The output must be exactly the lines from the "bedroom featuring light" line through the end of the listing below, with no picture included.

### INFORMATION SHOWN:
......

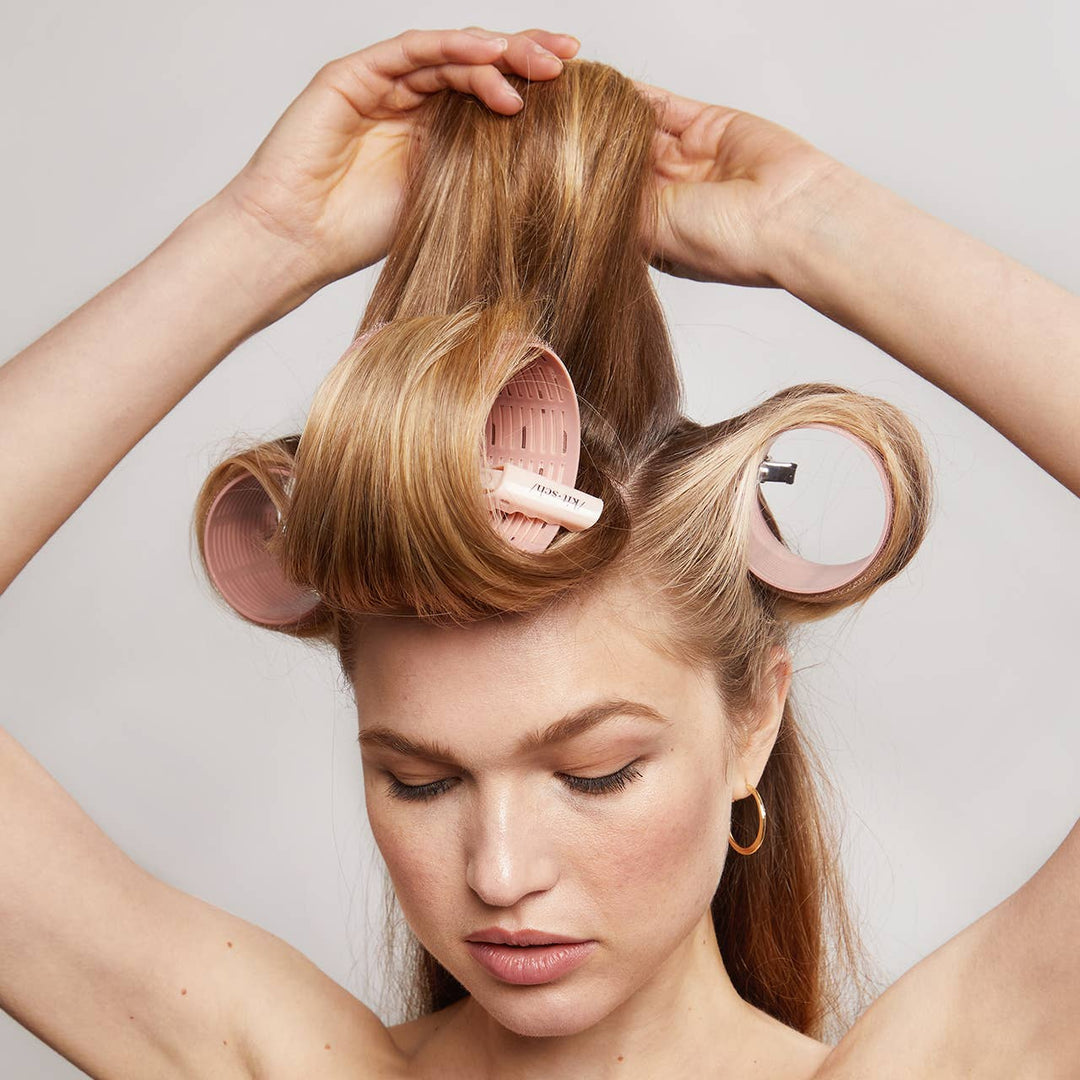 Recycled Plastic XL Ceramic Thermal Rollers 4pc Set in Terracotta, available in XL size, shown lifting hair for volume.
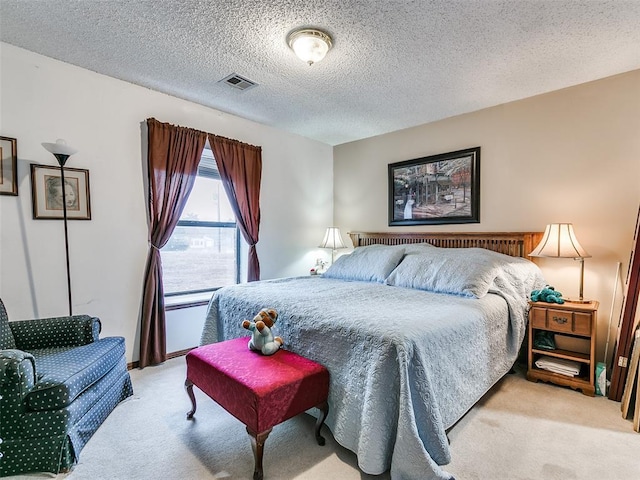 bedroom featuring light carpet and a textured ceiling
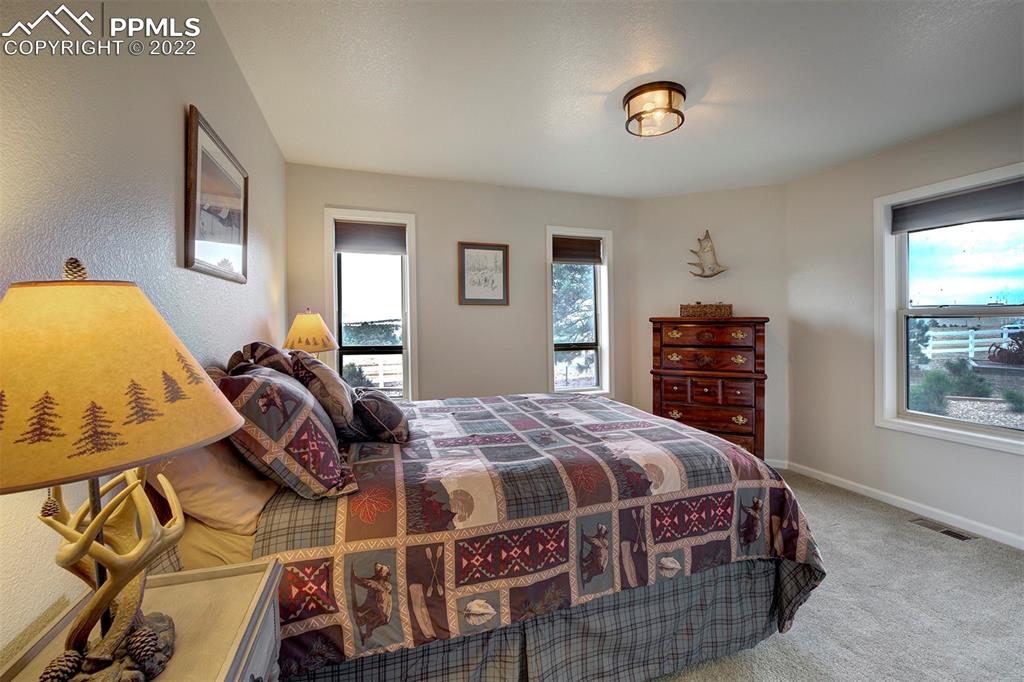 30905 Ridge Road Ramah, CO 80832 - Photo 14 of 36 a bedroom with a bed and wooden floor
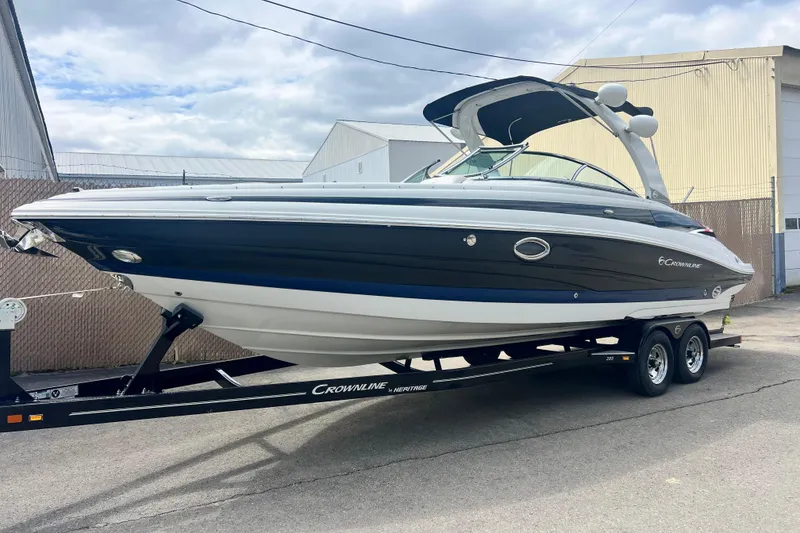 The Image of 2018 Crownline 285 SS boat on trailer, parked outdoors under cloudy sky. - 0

......

### RESPONSE:
 bedroom featuring light carpet and a textured ceiling
 30905 Ridge Road Ramah, CO 80832 - Photo 14 of 36 a bedroom with a bed and wooden floor
 The Image of 2018 Crownline 285 SS boat on trailer, parked outdoors under cloudy sky. - 0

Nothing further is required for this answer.